Kavan wird als erster Tscheche Vorsitzende der UNO-Generalversammlung
Nachdem am Freitag Weißrussland seine Kandidatur auf den Vorsitz der UNO-Generalversammlung offiziell zurückgezogen hat, wird mit hoher Wahrscheinlichkeit erstmals ein Tscheche an der Spitze dieses Gremiums stehen - der bisherige Außenminister Jan Kavan. Die offizielle Wahl findet am 8. Juli statt, bereits zum jetzigen Zeitpunkt ist jedoch klar, dass Kavan auf die Stimmen nahezu aller Staaten zählen kann, die er um die Unterstützung seiner Kandidatur gebeten hatte - bis Ende vorletzter Woche waren dies 105 der 189 UNO-Mitgliedsstaaten.
Der Vorsitzende der regelmäßigen UNO-Generalversammlung - dem Hauptberatungsorgan der Vereinten Nationen - , wird nach dem Rotationsprinzip aus den fünf regionalen Gruppen gewählt, in die die Vereinten Nationen unterteilt sind. Die Tschechische Republik zählt zur Staatengruppe Mittel- und Osteuropa.

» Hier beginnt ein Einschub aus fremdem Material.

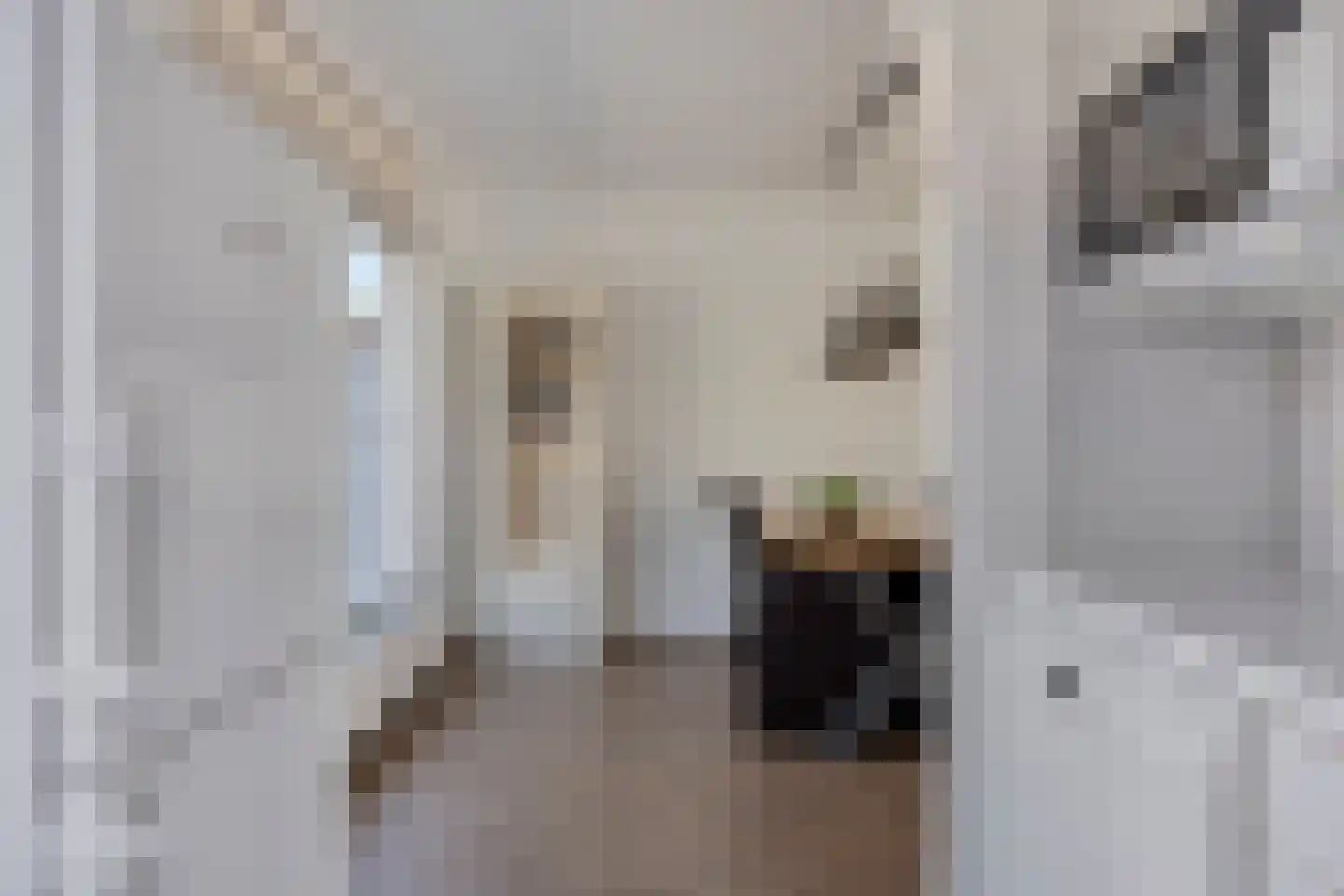 Vossemeersepoort 20 Tholen thumbnail 19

Kavan, Sohn eines tschechischen Diplomaten und einer Engländerin, emigrierte in den 60er Jahren nach London, wo er die Presseagentur Palach-Press leitete. Nach seiner Rückkehr 1990 war er zwei Jahre lang Abgeordneter und vier Jahre Mitglied des Senats. Hinsichtlich des Verdachtes auf Mitarbeit in der Staatssicherheit Anfang der 70er Jahre gewann er 1996 im Lustrations-Streit mit dem tschechischen Innenministerium.
Sein neues Amt wird der bisherige Chef der tschechischen Diplomatie, am 10. September antreten. Dass Kavan, der bei den Parlamentswahlen Mitte Juni ins neue tschechische Abgeordnetenhaus gewählt wurde, dann häufig im Parlament abwesend wäre, könnte angesichts der möglicherweise knappen Mehrheitsverhältnisse problematisch werden. Sollte es nämlich erwartungsgemäß zu einer Regierungskoalition zwischen der Sozialdemokratischen Partei und dem liberalen Bündnis Koalition kommen, würde diese auf einem Vorsprung von nur zwei Stimmen basieren. Wenn Kavan also bei wichtigen Abstimmungen fehlen würde, würde dies bedeuten, dass die neue Regierungskoalition nicht einmal mehr auf diesen knappen Stimmenvorsprung zählen könnte. Als Lösung hierfür schlug Kavan entweder eine Änderung des Abstimmungsmodus vor oder die Suche nach zusätzlichen Finanzquellen, durch die sich regelmäßige Flüge zwischen dem Sitz der Vereinten Nationen in New York und dem Sitz des tschechischen Abgeordnetenhauses in Prag finanzieren ließen. Auch seine bisherigen Vorgänger an der Spitze der UN-Generalversammlung in den vergangenen zehn Jahren hätten gleichzeitig Parlamentsfunktionen bekleidet und hätten hier eine Lösung gefunden, so Kavan. Er selber sehe dafür bislang keinen Anlass, auf sein Mandat im Abgeordnetenhaus zu verzichten, zumal er durch die 8000 Präferenzstimmen den tschechischen Wählern gegenüber eine besondere Verantwortung verspüre.